Frowning, Fiona watched her walk to the
bedroom. When she saw Troy, and she felt like it was only a matter
of time before he showed up here, she was going to flip on
him.
She fell asleep during the movie, but it was
an uneasy nap, the voices from the movie working into her
dreams.
When she woke up, Keith was taking out the
movie. Hannah sat in the kitchen, talking on the phone, her work
spread out on the table in front of her. How could she concentrate?
Although maybe it helped to get her mind off things.
“
Where’s James?” Fiona
asked.
“
Downstairs working in the lab,”
Keith said.
Fiona glanced toward the balcony, holding back
a yawn. “Sorry for falling asleep during your movie.”
Keith smiled. “No big deal.” He turned toward
her, leaning his back against the entertainment center. “You doing
all right?”
With a shrug, Fiona stretched her legs out on
the couch. “I could be better, but I could be worse, too. It wasn’t
the best nap, but I feel so awake. I want to find out what
happened.”
“
That’s the spirit.”
“
Do you have a job?”
“
Yeah, I work security at a concert
venue.” He looked at his watch. “My shift starts at six. Saturday
nights are usually pretty busy.”
Fiona turned on her side, her head on the
armrest. “James said we went to high school together. What was it
like?”
“
It was nice, I guess,” he said
with a shrug. “We became friends in freshman year because we had
four classes together.”
“
Which ones?”
Keith launched into a reminiscence
of Abigail Adams High School
.
It sounded like a normal high school: bad
cafeteria food, drama, teachers who tried to care. But when he
started getting into specific stories, Fiona felt the familiarity
of each instance. He told her about the vice principal who they
caught smoking pot in sophomore year. The girl in drama he fell in
love with. Fiona’s science scholarship. The football game when they
met James. The party where they dared him to kiss Sarah. She felt
as though she’d watched a movie in the past, and he was telling her
the highlights of it long after she’d forgotten the
plot.
When he’d stop talking, she’d ask more
questions, and at the end of an hour, she had some sense of those
four years of her life.
“
Do you think we could visit?”
Fiona asked.
Keith’s smile faded. “I don’t know… it’s one
of the places they may be looking for you, you know?”
“
I can’t do this forever. I mean,
eventually… something’s going to happen. Either they’ll find me or
I move or they go to prison. We have to convince the police that
they killed Richard and Fiona.”
“
And what about the other girl? Or
the fact that Elizabeth is supposed to be dead?”
“
I doubt that was even her. Or a
replica, whatever. If they can test my DNA, they’ll see I’m her… or
we can at least pretend I am.” Fiona paused. “Is there any
difference in DNA with the replication device?”

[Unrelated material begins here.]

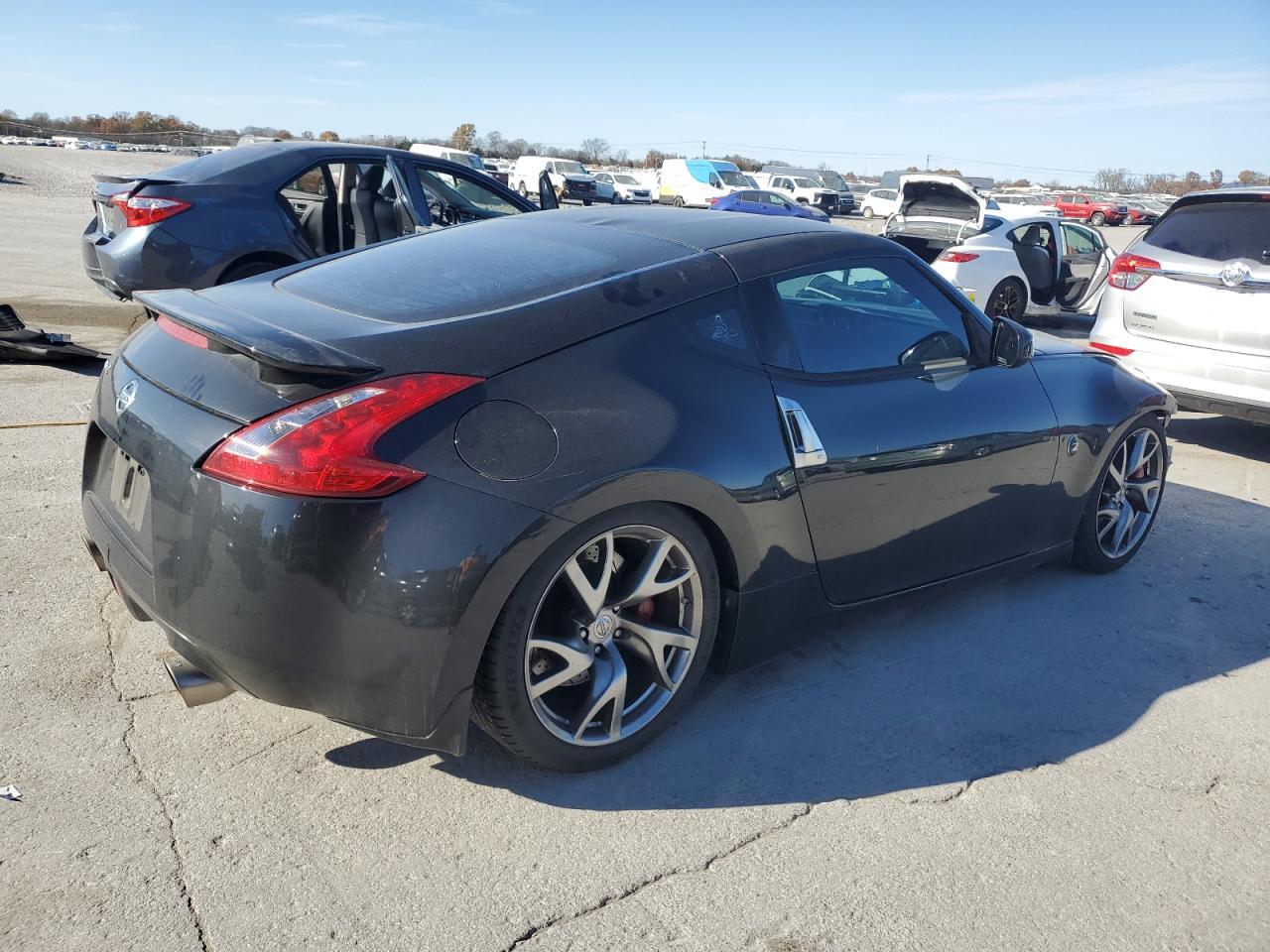 2013 NISSAN 370Z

Keith shrugged. “No idea. And the records were
probably destroyed, because we can’t find them.”
“
Or they’re in that vault.” Fiona
stood up. “I’m going to go look around in the lab.”
The rest of the day went by slowly. Fiona was
grateful for the slow pace after a confusing morning. Occasionally
she’d be filled with urgency, knowing unless she did something,
she’d never have her life back. They alternated between repeating
their earlier conversations, nearly word for word, and quietly
trying to decipher the research in the lab that hadn’t been
destroyed. Bits and pieces made sense to Fiona, but she didn’t
understand how it could all fit together into something that could
replicate a human being.
She spent a lot of time explaining things to
James and Keith. She knew they weren’t strong in science, even
though she didn’t remember specific details about them from her
earlier life. She wondered why they’d done so much for her. They
helped Troy rebuild the house, and Keith lived here to keep it
safe. How much longer would James have been looking for her if they
hadn’t run into each other?
That night, Fiona crawled into the twin bed in
the guest room, and Hannah took the air mattress. Once they turned
out the lights, Hannah said, “This is intense, Fiona.”
“
I know.”
“
What are you going to do
tomorrow?”
Fiona pulled the covers up to her chin. “I
have to find that girl, the one in the car. I need to find out who
they buried.” She paused. “And the Alarias… the police have to know
they started the fire and kidnapped me.”
Hannah shifted, and the air mattress groaned.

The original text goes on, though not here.